ABOUT THIS EXERCISE: A faithful copy is needed of the lines below from the one with "Cold Tree Sac" up to and including the one with "6 Pairs Colorblock"; set it down with no pictures and no other lines.

DATA RECORDS:
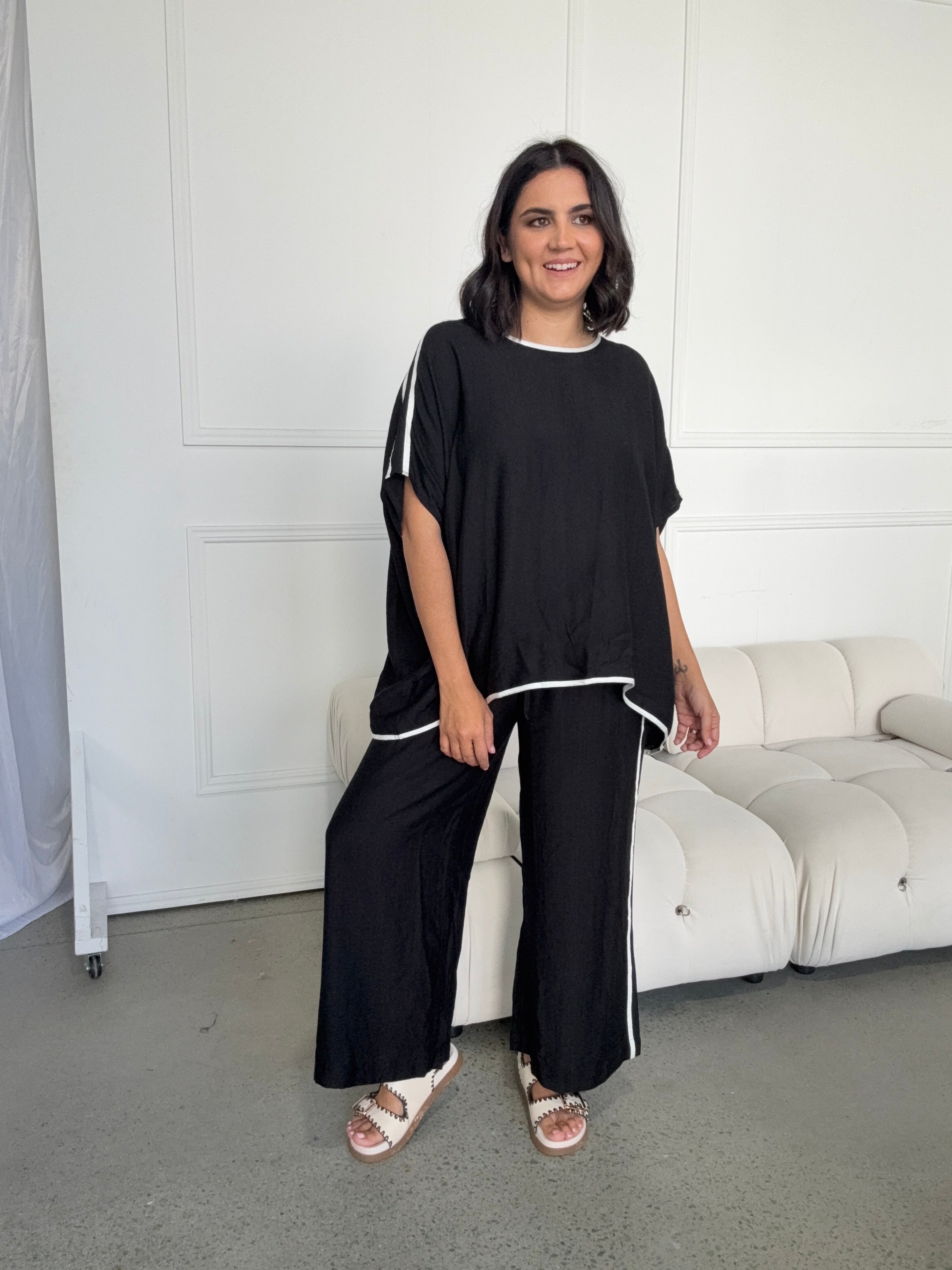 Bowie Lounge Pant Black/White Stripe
--
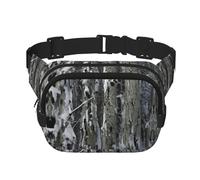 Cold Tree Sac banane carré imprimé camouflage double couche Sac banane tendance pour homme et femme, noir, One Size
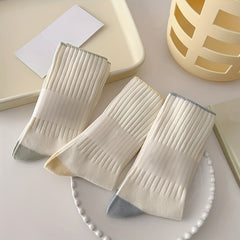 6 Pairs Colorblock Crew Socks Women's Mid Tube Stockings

TASK OUTPUT:
 Cold Tree Sac banane carré imprimé camouflage double couche Sac banane tendance pour homme et femme, noir, One Size
 6 Pairs Colorblock Crew Socks Women's Mid Tube Stockings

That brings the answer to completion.